(Dataset excerpt):
^^^^^^^^^^^^^^^^

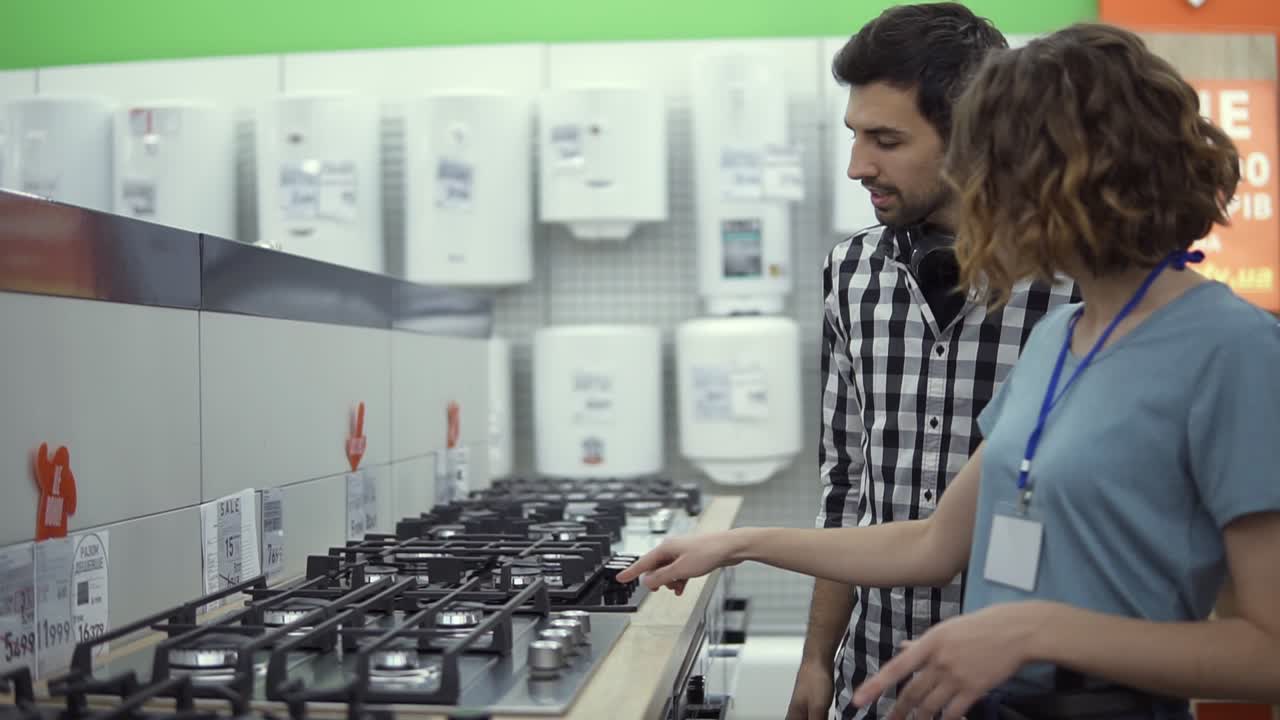 Male shopper in plaid shirt with headphones choosing a new modern oven in store. He is planning to buy furniture and home appliances, checking and advising with female consultant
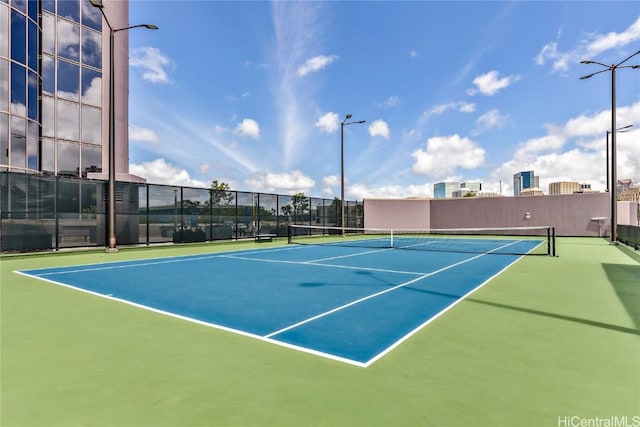 view of tennis court with a view of city and fence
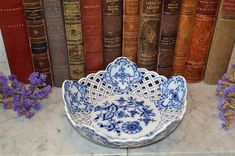 a blue and white bowl sitting on top of a table in front of some books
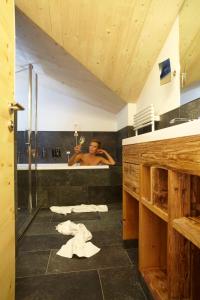 a man in a bathroom taking a bath in a tub at Hotel am Römerweg in Fiss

^^^^^^^^^^^^^^^^

(What is required):
Return the material word for word. Pictures are not part of the copy.

(Answer to the problem):
 Male shopper in plaid shirt with headphones choosing a new modern oven in store. He is planning to buy furniture and home appliances, checking and advising with female consultant
 view of tennis court with a view of city and fence
 a blue and white bowl sitting on top of a table in front of some books
 a man in a bathroom taking a bath in a tub at Hotel am Römerweg in Fiss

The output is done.